Action item =>
Beginning at the line that contains "Charming one-story home" and finishing at the line that contains "111 E Sycamore", output the data below exactly. Include both end lines and no pictures.

Record excerpts =>
↓

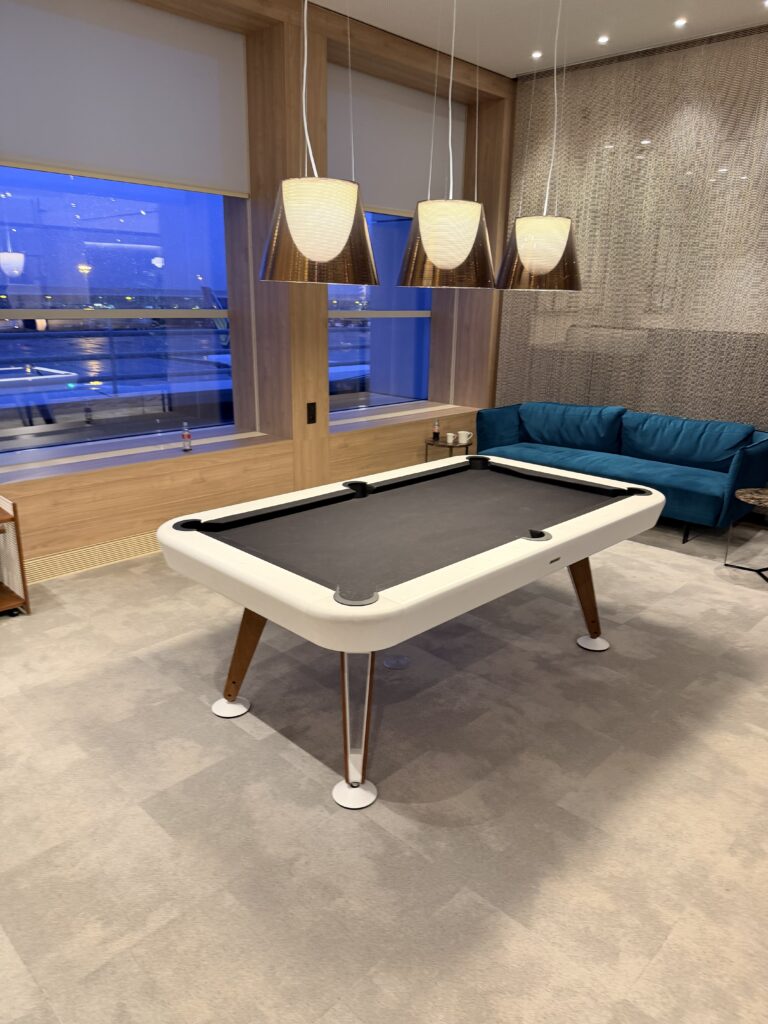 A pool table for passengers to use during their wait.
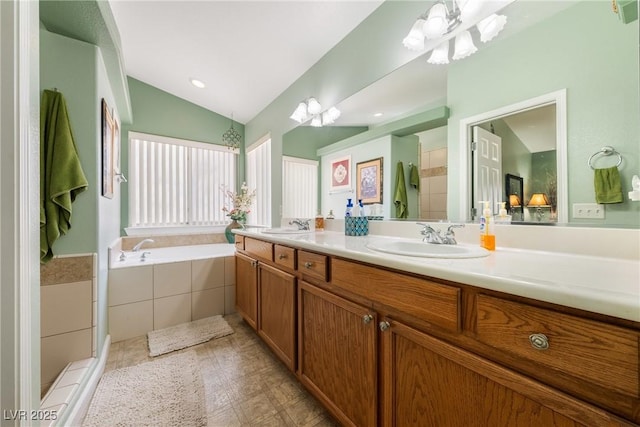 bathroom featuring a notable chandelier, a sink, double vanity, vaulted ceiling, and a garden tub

↑
↓

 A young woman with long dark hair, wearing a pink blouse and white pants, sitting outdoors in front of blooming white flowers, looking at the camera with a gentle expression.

↑
↓

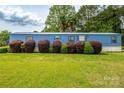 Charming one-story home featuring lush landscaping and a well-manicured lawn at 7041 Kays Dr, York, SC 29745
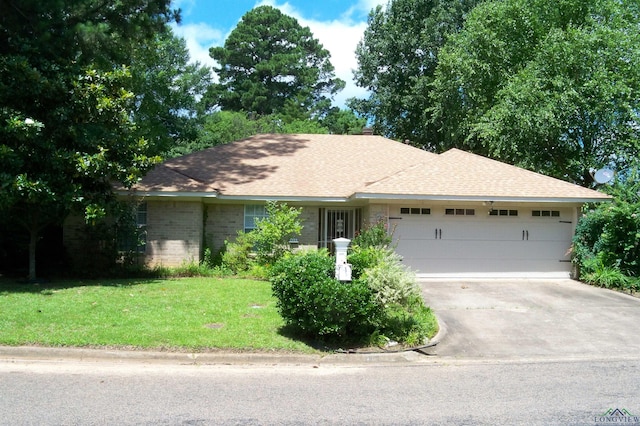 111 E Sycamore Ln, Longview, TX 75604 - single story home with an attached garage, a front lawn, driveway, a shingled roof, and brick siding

↑

Answer section =>
 Charming one-story home featuring lush landscaping and a well-manicured lawn at 7041 Kays Dr, York, SC 29745
 111 E Sycamore Ln, Longview, TX 75604 - single story home with an attached garage, a front lawn, driveway, a shingled roof, and brick siding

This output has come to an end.